If any moment from The Parent Trap has left its mark in popular culture, it’s the distinctive handshake Lohan’s character Annie shares with her butler, Martin.

“The handshake is a big deal isn’t it?” says Shyer with a warm laugh. “It was in the script — we were all involved in writing it, but Simon [Kunz] and Lindsay worked it out on the set. They really hit it off those two, they made it their own. It was a really good idea.”

“In the interview [for The Parent Trap’s DVD extras] I made up some old rubbish,” laughs Kunz, “but I can remember exactly. Lindsay was in town to do the London sequences and we were in the house where Lindsay and her family were staying. We did it in one afternoon. Nancy and Charles would say ‘OK, we love this move, but can we have some of that in it’. It didn’t take as long as some people might think. It was a just a good bit of fun. Lindsay and I started laughing together and just mucking about really. There were certain elements of a handshake that people might recognise ­– maybe a little tricksy handshake — and then we just went a bit further with it and it got sillier and sillier.”

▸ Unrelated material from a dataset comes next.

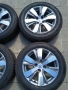 Джанти Peugeot 16" 4x108 с гуми Continental 195/60/16, снимка 9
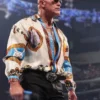 Dwayne The Rock Johnson WWE SmackDown Versace Shirt Sale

Should you need it broken down, several instructional videos exist, including the one above from the handshake’s ‘official choreographer’ Jeanefer Jean-Charles.



Meeting the Queen

L-R: Director Nancy Meyers, Lindsay Lohan and producer Charles Shyer shoot a deleted scene from The Parent Trap in which Hailee meets the Queen. DISNEY PICTURES
A scene from the film in which Hailee is driven through London to the strains of The La’s Britpop classic There She Goes was meant to conclude with her accidentally meeting the Queen, but an even more royal fate befell The Parent Trap. The film was selected for a Royal Variety Screening, an annual event in which British royalty attend a specially-selected film and money is raised for charity. Shyer cites it as a highlight of his career.

“We were given a complete drill about what you can and can’t do. Don’t speak to her unless she speaks to you, don’t touch her, call her M’am all these things,” he laughs. “We sat right behind her during the screening, the Queen and the Prince [Phillip] and she had these little white gloves on. She’d clap and go ‘haugh haugh haugh’ during the screening it was a little bit like an out of body experience you know — ‘What am I doing here?’ Hayley Mills came too, and her father the brilliant actor John Mills [Great Expectations]. It was really special. Once in a lifetime.”

“The protocol when you do these screenings is that the people directly involved in making the film stand in the front line and their spouses stand behind them,” says Simon Kunz of his experience. “And Meg Ryan had come over, because she was with Dennis [Quaid] at the time. I’m sure she thought she was going to say hello to the Queen, and poor woman, she was stood behind Dennis in the lineup and I was next to him and the whole time I was imagining that Meg Ryan was standing there thinking “My God, I came all the way here for this!”